Complexity. Software. Resiliency.

Written by kfanous | Published 2021/08/28
Tech Story Tags: software-development | software-engineering | complexity | chaos-engineering | design-systems | technology | philosophy | hackernoon-top-story

TLDR Complexity: The Emerging Science at the Edge of Order and Chaos -- a book I highly recommend. Complex systems display collective behavior that emerges from interactions between their parts. Software development exhibits many of the properties of complex systems: emergence, non-linearity, and adaption. Software teams, most notably OSS projects, are typically autonomous and self-managed. More importantly, the process of building software is at its heart based on social interactions. This requires software teams to be able to adapt to their changing environment.via the TL;DR App

Complex Systems: The Beginning

I recently finished reading Complexity: The Emerging Science at the Edge of Order and Chaos-- a book I highly recommend.

The book was my first foray into the world of complex systems and provided a good overview on the topic as well as the Santa Fe Institute (an independent, nonprofit theoretical research institute located in Santa Fe and dedicated to the study of complex systems).

As I was reading the book, I couldn’t help but think about the properties of complex systems and their prevalence in software development, at least for large software projects.

Complex systems, not to be confused with complicated ones, are systems that possess the following properties:

  • They are non-linear, meaning that a small change to the system’s input can result in a disproportional change to the system’s output.
  • They are emergent, meaning that the properties the whole system exhibits differ from those shown by the individual parts comprising the system.

Thus, complex systems display collective behavior that emerges from the interactions between their parts. The other main properties are adaptation and feedback loops implying that these systems change and adapt to their environment.

Complex systems are very common, in fact, we live in one. Our climate is an example of a complex system. So is the entire human body and even a single human cell…

Cities are complex systems and so is the universe.

It’s worth noting that there is a difference between complicated and complex systems.

A car engine is a complicated system, but it is not complex.

A car’s engine is composed of many parts that behave according to some specification. These parts operate in concert to ultimately provide the functionality of an engine.

There are no emergent properties to be found in a car’s engine. Nor does it adapt to its environment, and, thankfully it doesn’t exhibit non-linear properties.

Software Development: A Complex System?

I believe, mostly based on my experience, that the process of building fairly large software is an example of a complex system. In my opinion software development exhibits many of the properties of complex systems: emergence, non-linearity, and adaption.

If you’ve ever worked on a software team, you might have witnessed how the team interactions are unique. A software team’s characteristics aren’t the average of the individuals comprising this team, rather they are a unique amalgam of these individuals’ characteristics.

Software teams, most notably OSS projects, are typically autonomous and self-managed. More importantly, the process of building software is at its heart based on social interactions.

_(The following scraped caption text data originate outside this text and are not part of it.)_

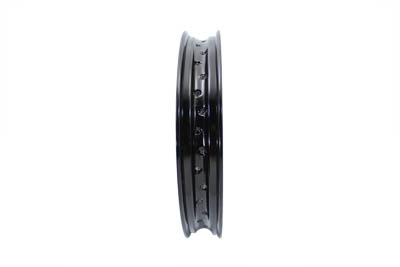 18" x 2.15" Rolled Edge Rim Black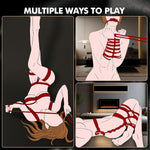 Shibari Bondage Rope Set – Soft Cotton BDSM Restraints Kit for Couples, 32ft, 3pcs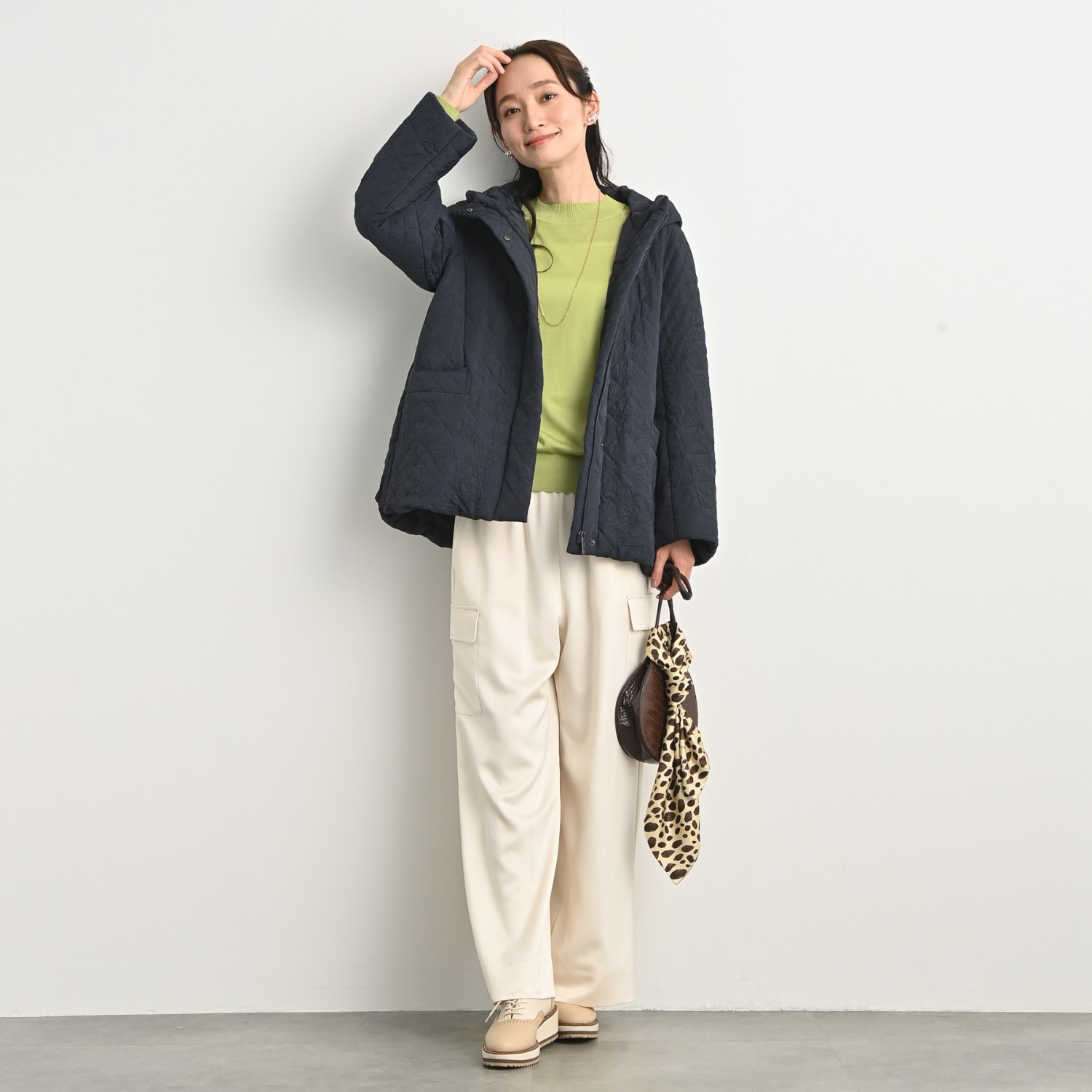 元町ゼラール なめらか＆きれい見え ハイゲージで編み立てた ふんわりスリーブ プルオーバー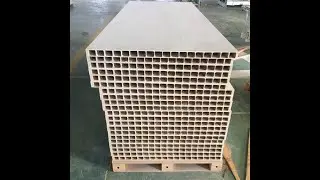 🚪 WPC  PVC Hollow Door Board Extrusion Line #extruder  #extrusion  #door #wpcdoor #wpc
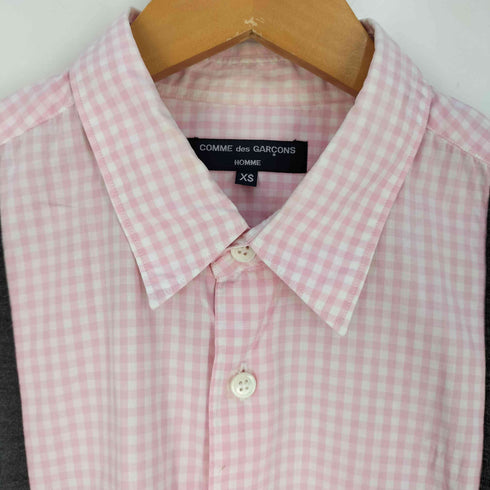 コムデギャルソンオム COMME des GARCONS HOMME ニット切替 ポケット ボタンダウン チェック柄 シャツ メンズ JPN:XS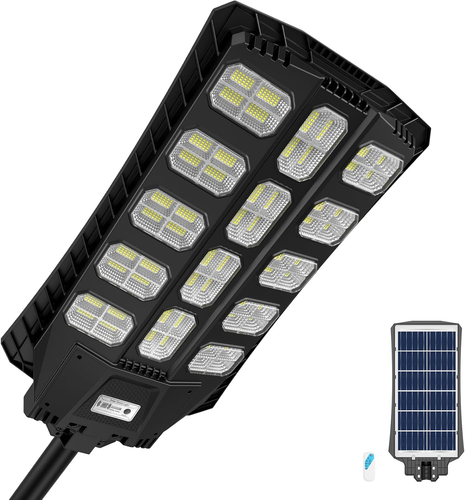 8000 Watts Solar Street Lights Outdoor, Wide Angle Solar Powered Lamp - Picture 8 of 11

Individuals working together on a software project will have to find the most optimal way for them to interact. Examples of these interactions include knowledge sharing, the team structure and hierarchy, coding guidelines and more. In short, the team’s behavior, principles and characteristics emerge from the interactions between the individuals.

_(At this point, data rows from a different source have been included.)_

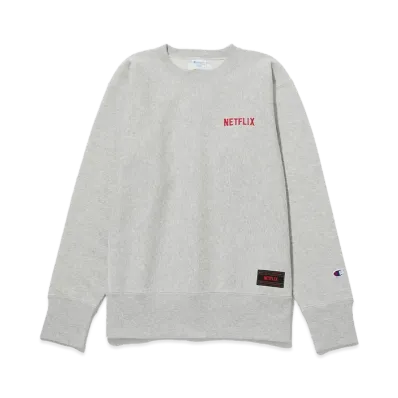 Netflix x V.A. x Champion Crewneck Sweat 014 "Grey"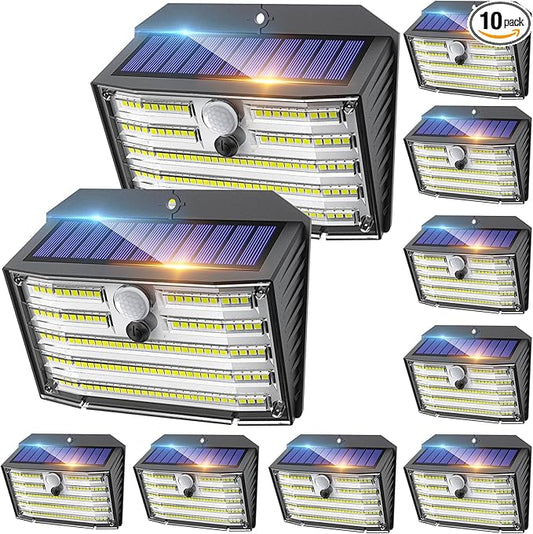 CLAONER Solar Lights Outdoor, Wireless Motion Sensor Lights, IP65 Waterproof by Claoner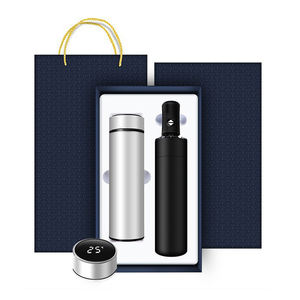 Articles promotionnels de cadeaux de luxe Ensemble de cadeaux d'entreprise avec fiole sous vide Parapluie Coffret cadeau de nouvel an professionnel haut de gamme avec logo personnalisé <span class=keywords><strong>LUSH</strong></span> 50pcs - Product Image 2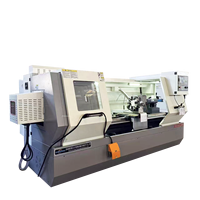 Torno CNC de bancada plana de gran diámetro y alta resistencia CK6163 1000-2000mm con sistema de control GSK para torneado de metal de alta precisión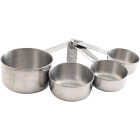 Norpro Stainless Steel Measuring Cup Set (4-Piece) Image 1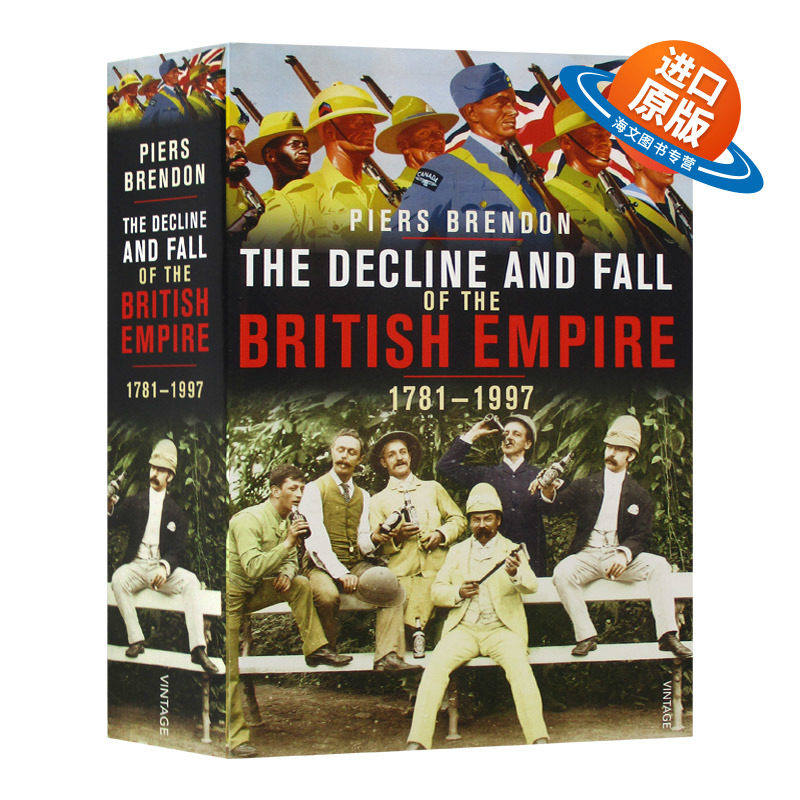 英文原版 The Decline And Fall Of The British Empire 大英帝国衰亡史 Piers Brendon 历史 英文版 进口英语原版书籍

Every software project I have worked on is subject to changing requirements and assumptions.

This requires software teams to be able to adapt to their changing environment. These changes can also be immensely disruptive.

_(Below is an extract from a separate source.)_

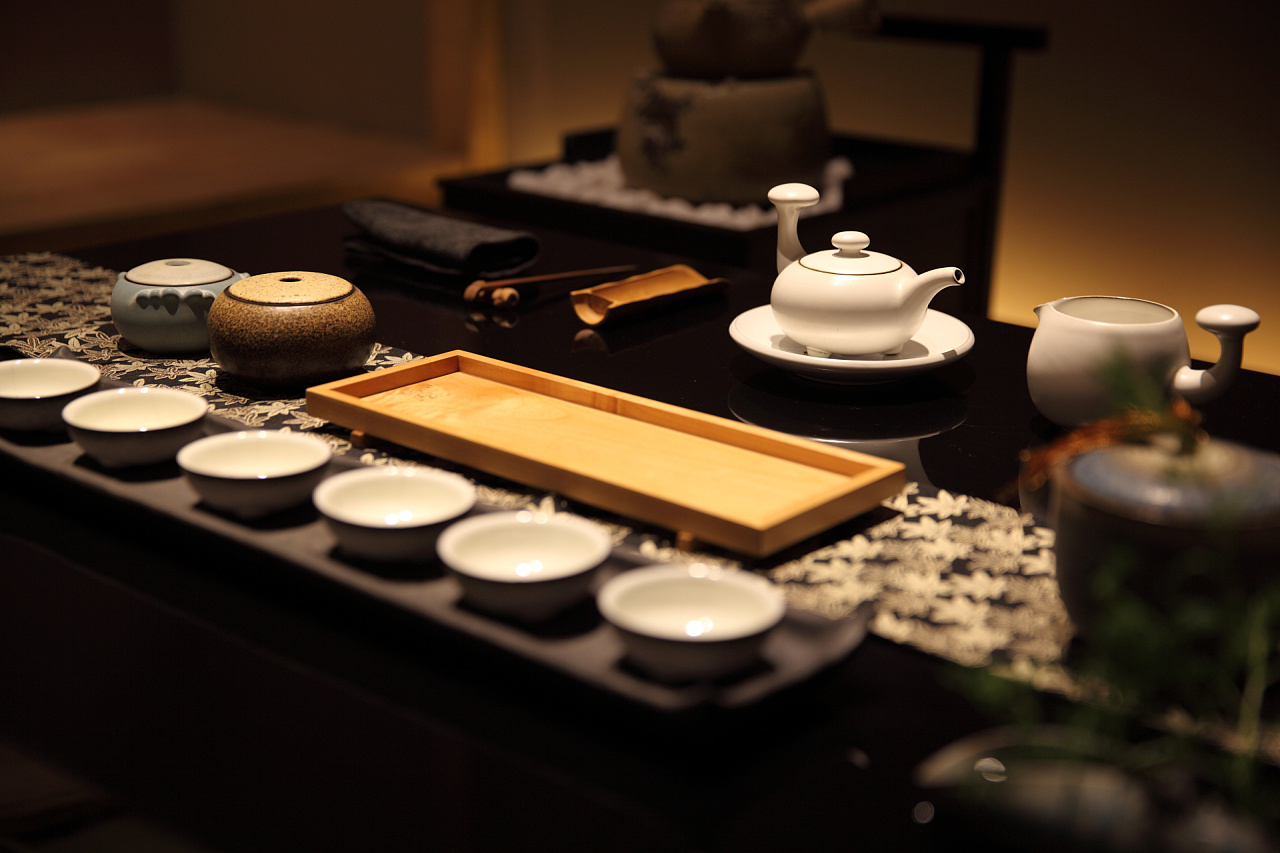 禅意新中式黑胡桃茶桌长桌茶室茶馆客厅茶艺桌简约功夫茶台-阿里巴巴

What can at first appear to be a seemingly simple change can in fact result in a significant amount of work, or even worse introduce catastrophic failures. This is yet again another characteristic of complex systems: non-linearity.

Ok, so what?

Maybe software development is indeed a complex system, maybe it’s not. I’m not here to make this argument or provide irrefutable evidence to sway you that it is. However, like any system, complex or not, you probably want your software development “system” to be resilient.

“resilience determines the persistence of relationships within a system and is a measure of the ability of these systems to absorb changes of state variables, driving variables, and parameters, and still persist.” C. S. Holling

Resilience is basically the ability of a system to absorb a shock to it and quickly bounce back to a functional, equilibrium state.

Oftentimes, the shocks that can bring a seemingly indestructible system down are initially very minor, even inconsequential. Consider the collapse of the Soviet Union or the collapse of many of the Arab regimes in the spring of 2010.

Chaos Engineering: Making the Software Team Resilient

I can think of two main shocks to the software development process: changing requirements and personnel departures. I’ll be ignoring the former in this article and focusing on the latter, which, arguably, can have a larger negative impact and is one that I think is overlooked.

You can never truly plan for employee departures, they are typically abrupt, especially if the employee leaves on her own volition. Employees can leave for many reasons: moving, taking time off, a new job and many more.

However, an employee departure represents a shock to your software development system. The shock, or impact, that an employee's departure induces can take many forms.

Perhaps the departing employee is an expert in one or more subsystems of the software and his or her departure will result in a significant knowledge gap. This expertise is not limited to knowledge about various modules of subsystems of the software.

It can also include other skills. The departing employee could be an expert debugger, your go-to person for debugging complex and hard to reproduce bugs. They could also be an excellent system designer and your teams rely on them for system design and architecture. Obviously, an employee leaving their team will result in the team having to pick up their work which can result in delays to releasing the feature the team is working on.

Regardless of the skill that person possesses, each time an employee departs can result in a shock to your software development “system”. This shock can be limited to the team the individual is working on, or for more senior engineers the impact could be much wider.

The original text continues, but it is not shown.